US President Donald Trump delivered a full-throated campaign kickoff rally in Orlando Tuesday night. Pitch perfect and resonant – at least to his base. His soaring aria went after his favourites: President Barack Obama, illegal immigrants, fake news and the Democrats. And he excoriated Hillary Clinton so long and so loud that one might think she was the 2020 Democratic candidate.
But Trump worked the crowd like the huckster he is. He pushed the right buttons, controlled the crowd, getting them to roar their approval or boo their disdain.
The president will need far more than the support of his base next year. And it’s worth pondering if the Americans who took a halting chance, maybe even former Obama supporters, and voted for Trump in 2016 were as impressed by the bluster this time around.
For this was a scarier, but sharper, Trump than what was presented in the 2016 campaign. And he has a record now. Despite all the pluses he touted – a healthy economy, support for Israel, appointing two Supreme Court justices – he omitted the horrors of his administration: snatching children from their migrant parents, to say nothing of losing track of them and the dire conditions under which they are being held. His wink and tacit support of white nationalists sowing violence in this country. Hiding behind executive privilege to keep subordinates from revealing his shady dealings to Congress. His cozying up to dictators.

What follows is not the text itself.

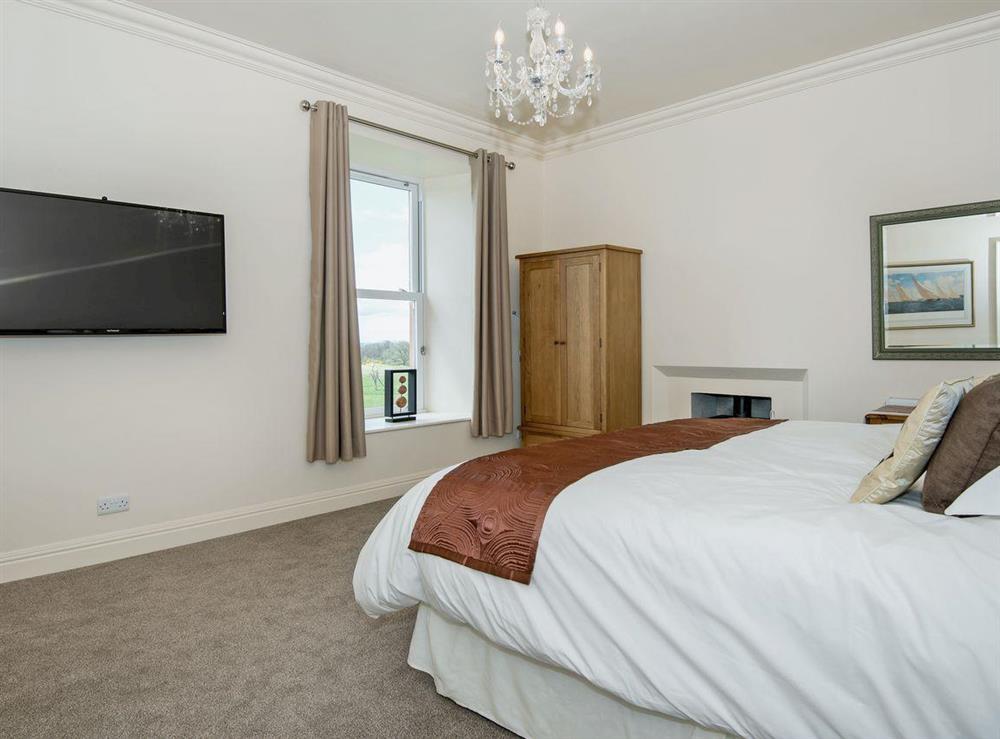 Spacious double bedroom with cosy woodburner and TV (photo 2) at The Duchy in Kirkcudbright, Kirkcudbrightshire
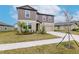 Two-story house with brown siding, beige garage door, and landscaping at 11307 Linden Depot Rd, San Antonio, FL 33576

His base doesn’t care about any of it. The ultimate Democratic candidate will have to make the case to the voters who are more sceptical – or horrified – this time around, that he or she can truly get this country back on the path of living up to its constitutional ideals. Solely picking on Trump will be the equivalent of picking the low-hanging fruit, shallow and stating the obvious.

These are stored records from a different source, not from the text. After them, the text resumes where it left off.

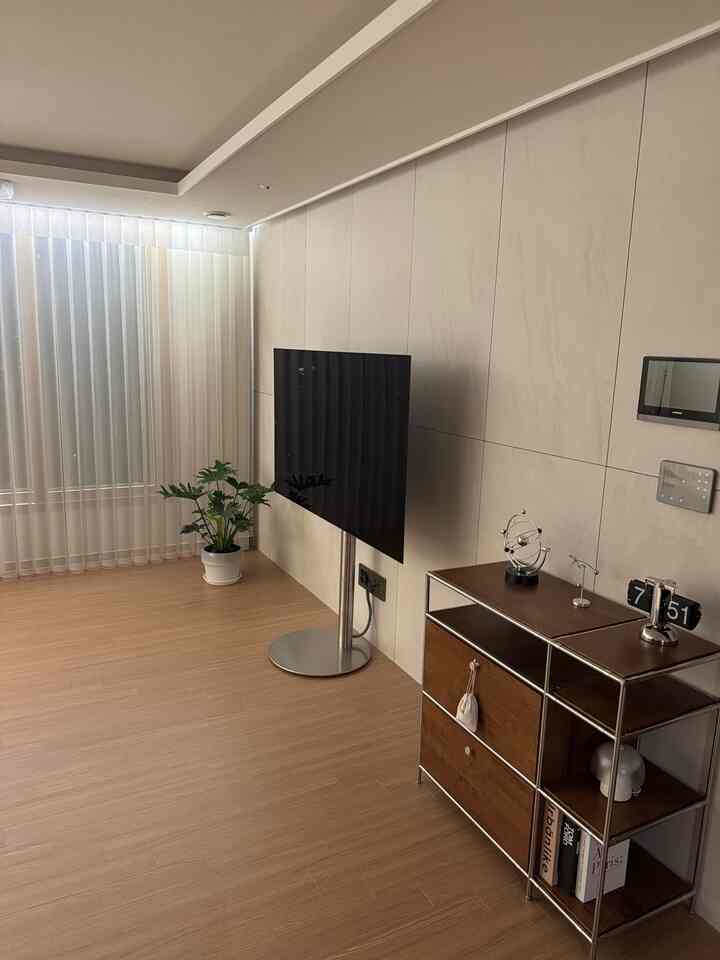 白い壁と木目調の床のモダンなリビング、テレビ台と収納が配置された清潔感のある空間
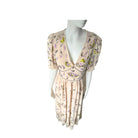 Floral dress on a mannequin against a white background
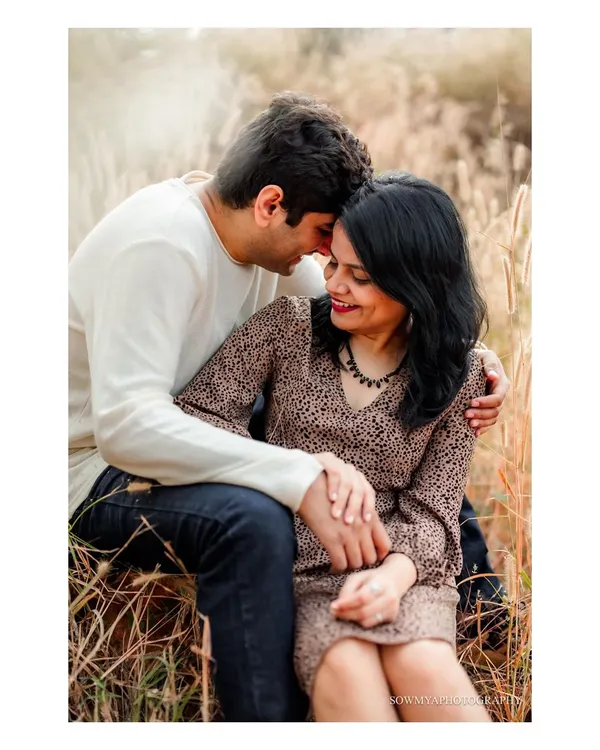 A tender moment shared between a couple, nestled in a field of tall, golden grass. Outdoor sessions like this allow for beautifully natural and romantic portraits.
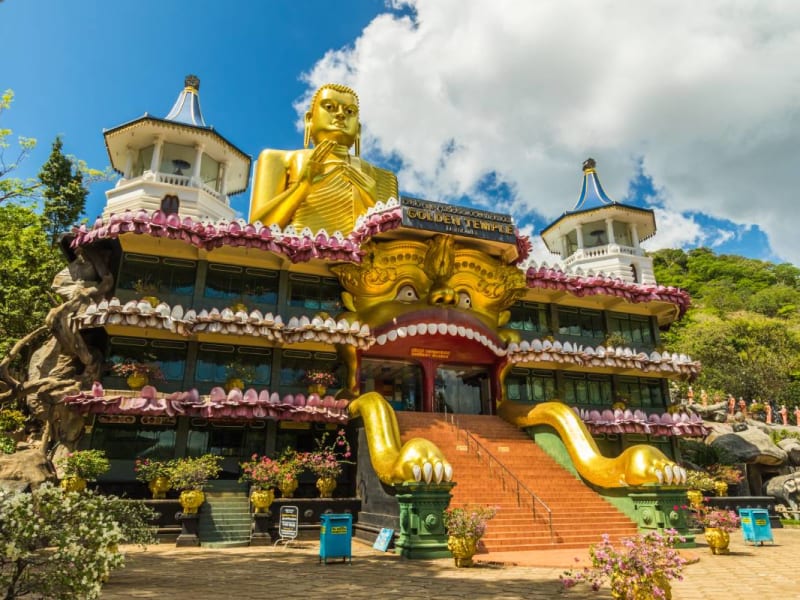 Temple entrance with golden statue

But before any of that happens, Democratic candidates are going to have to define themselves and their party, because Trump has, in harsh, stark terms, has definitely defined them for his base: “radical, unhinged and depraved,” he said. They are socialists who want to destroy America, who want to strip Americans of their constitutional rights. He called them un-American. What’s their comeback, a whiny “Am not?”
Trump smartly gave a shout-out to all Florida Republican politicians in the audience, including Senators Marco Rubio and Rick Scott and Governor Ron DeSantis. He is going to need them on his side. Polls showed that Democratic presidential candidates Joe Biden and Bernie Sanders could beat him in Florida. Then again, the polls were wrong in 2016.